I’ve read far too many books where William Wallace is extolled as a great example for Christians. He’s set up as a sort of allegory for how Christian life works. Two examples:
Case Study #1: Eric Ludy
Eric Ludy, especially, author of several
wonderful Christian romance novels textbooks on how to have a Great Godly Relationship™ Christian dating books, for instance, has a charming book titled God’s Gift to Women: Discovering the Lost Greatness of Masculinity. I read it a few years ago.

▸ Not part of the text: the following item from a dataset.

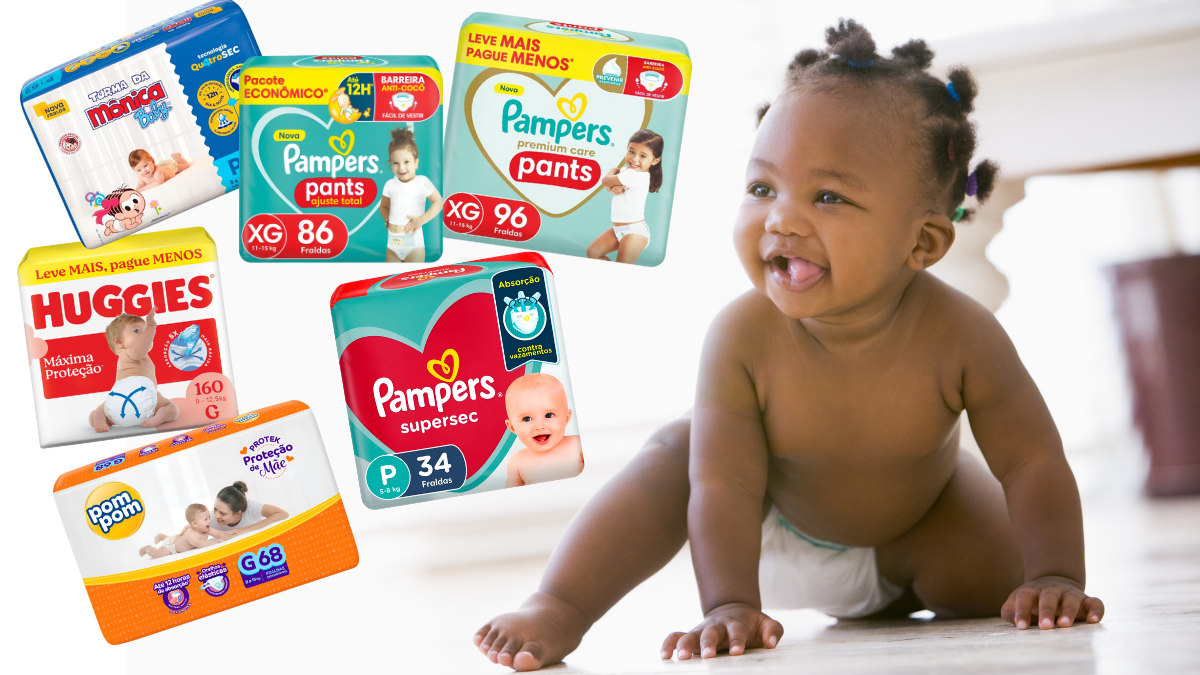 Melhor Fralda Descartável para Bebê Guia Completo dos Mais Vendidos da Amazon e Mercado Livre em 2025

In God’s Gift to Women, Ludy has a section titled “My Introduction to Ultimate Manhood,” and under this is, of course, a tribute to William Wallace. Here’s an excerpt:
…as I read the book The Scottish Chiefs, I felt my blood stir. I was ready for battle. My hero, William Wallace, had just died a horrible death at the hands of the English, and his example of courage and daring burned within my soul. I wanted to follow him. I wanted to fight for him. I wanted to die alongside him. And as Sir Robert the Bruce called out for all Scottish Patriots to join him in following Sir William Wallace’s example, I found myself standing up and shouting, “Count me in!”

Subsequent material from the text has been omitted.